Principal Investigator Dr Bridgette Toy-Cronin
This study examined the experience people going to court without a lawyer in High Court civil cases and District Court family and civil cases. People going to court without a lawyer (called litigants in person or self-represented litigants) participated in the study, as well as lawyers, judges and court staff. The study examined why people litigate in person and the challenges that litigants in person encounter as they prepare their cases, try to negotiate with the other party, appear in court and manage the process after court. The study considered various policy reforms and encouraged a re-evaluation of the stereotypical view of litigants in person.
Related centre objective
“To carry out research on legal issues relating to how a more accessible, affordable and efficient legal system can be created for the benefit of all citizens”
Using several qualitative methods including interviews, document review and participant observation, this research asked, first, why are litigants going to New Zealand’s civil courts without a lawyer? Second, what was their experience of litigating in person? Third, how did the inhabitants of the court system – the judges, lawyers and court staff – perceive litigants in person and respond to them?

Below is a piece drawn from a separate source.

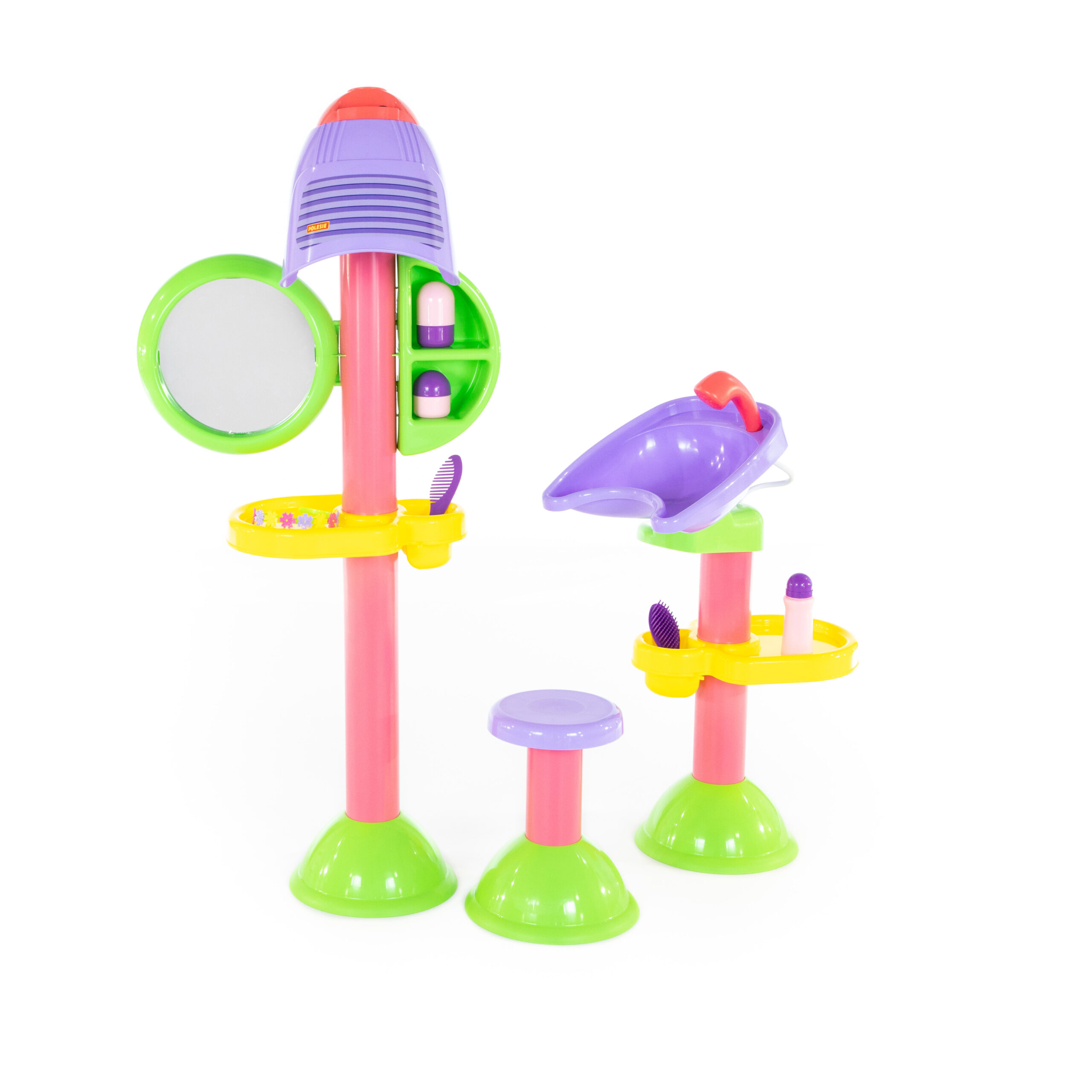 Polesie Toys фризьорски салон 58218 със столче - Image 4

The study argues that there is a contradiction underlying the promise of litigant in person access to the courts. The courts promise a place where citizens’ can enforce their rights or defend themselves. Without access to the courts, people’s rights are empty; they are there on paper but do not exist in reality. Yet the courts do not have the resources to hear all the claims citizens have. Even expansion of their resources would not be sufficient, as demand is elastic. So, to appear to provide justice and control their process, the courts must both promise and limit access simultaneously. Normally lawyers play a central role in mediating such access, by screening and translating claims, and negotiating clients towards settlement. Litigants in person come straight to the courts, however, and threaten this delicate balance. They also struggle to access the courts in a meaningful way, not necessarily because of any particular personal deficits, but because there are so many complexities and conflicts that cannot be easily overcome by a litigant advocating their own cause. Various subtle means of discouraging access are deployed to steer litigants in person away from accessing the courts in person while trying not to undermine the appearance of accessibility.
Some reform may be possible within the court system, including better information and more access to legal services (provided by innovation in how legal services are offered). There is no single solution to the issue however, the rise of litigants in person can be interpreted as a warning bell that not all is well with our justice system and that more fundamental reform is required.
We prepared a paper for the New Zealand Bar Association Working Group on Access to Justice outlining new business models for legal practice, many of which have the promise of making services more accessible to litigants: New Business Models for Legal Services.